Chapter 1 Overview of the Sector

1.5 Prudential assurance

The Commonwealth monitors the financial situation of higher education institutions by assessing their audited financial statements. Universities receiving Commonwealth grants are required to lodge their annual calendar-year financial statements with the Commonwealth by 30 June of the following year.

Guidelines for the preparation of annual financial statements are issued to universities each year. The 2000 guidelines were prepared following a detailed review conducted by the Department with advisory assistance from Deloitte Touche Tohmatsu and in consultation with the higher education sector and Commonwealth, State and Territory finance and audit officials. The guidelines were based on Australian Accounting Standards, and had the effect of aligning universities’ financial reporting to financial reports prepared by the commercial sector. The 2001 guidelines are similar to the 2000 guidelines.
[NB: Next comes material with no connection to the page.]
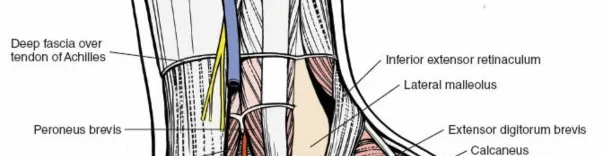 صورة من عملية جراحية للقدم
The Commonwealth’s, States’ and Territories’ Auditors-General audit the annual financial statements of the universities within their jurisdictions.

The audited financial statements are used to monitor the financial performance and position of each university, to provide statistical information and to acquit Commonwealth grants. Included in the assessment of universities’ financial performance and position is the monitoring of commercial activities for any effect on the operations of a university. The annual Educational Profile discussions are used to discuss each university’s overall financial position.
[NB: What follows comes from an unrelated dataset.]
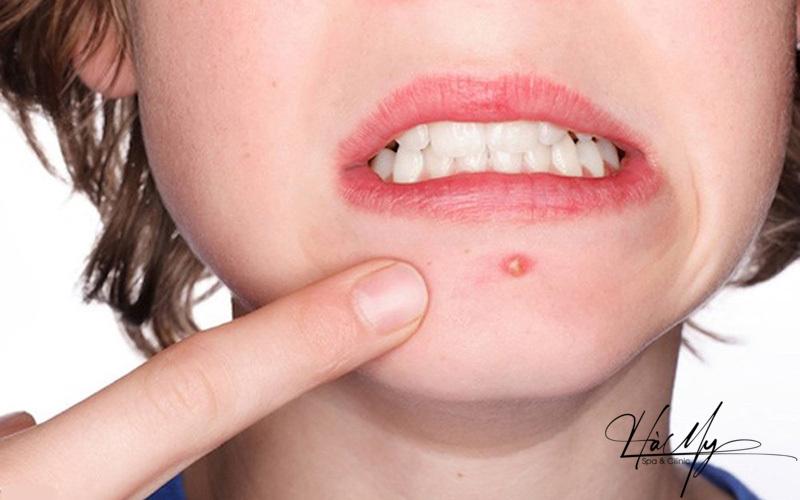 Cách trị mụn bọc bị chai an toàn không để lại sẹo 5 Bã nhờn khiến lỗ chân lông bít tắc, gây nổi mụn bọc. (Nguồn: Internet)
In 2001, an analysis of universities’ published financial statements for 2000 was undertaken. The sector-wide analysis presented in this report is based on the aggregate financial data extracted from the published financial statements of 40 publicly funded institutions. It covered all higher education institutions except Avondale College and Marcus Oldham College of Farm Management, and included for the first time the University of Notre Dame. In the case of some dual-sector institutions that do not report financial information on higher education activities separately, the data provided to the Department as part of their finance submission has been used.

Consistent with the approach adopted in previous years, the analysis used key financial indicators to broadly assess each institution’s financial position. The analysis encompassed two main aspects:

  • liquidity and financial stability; and

  • revenue and expenditure activity.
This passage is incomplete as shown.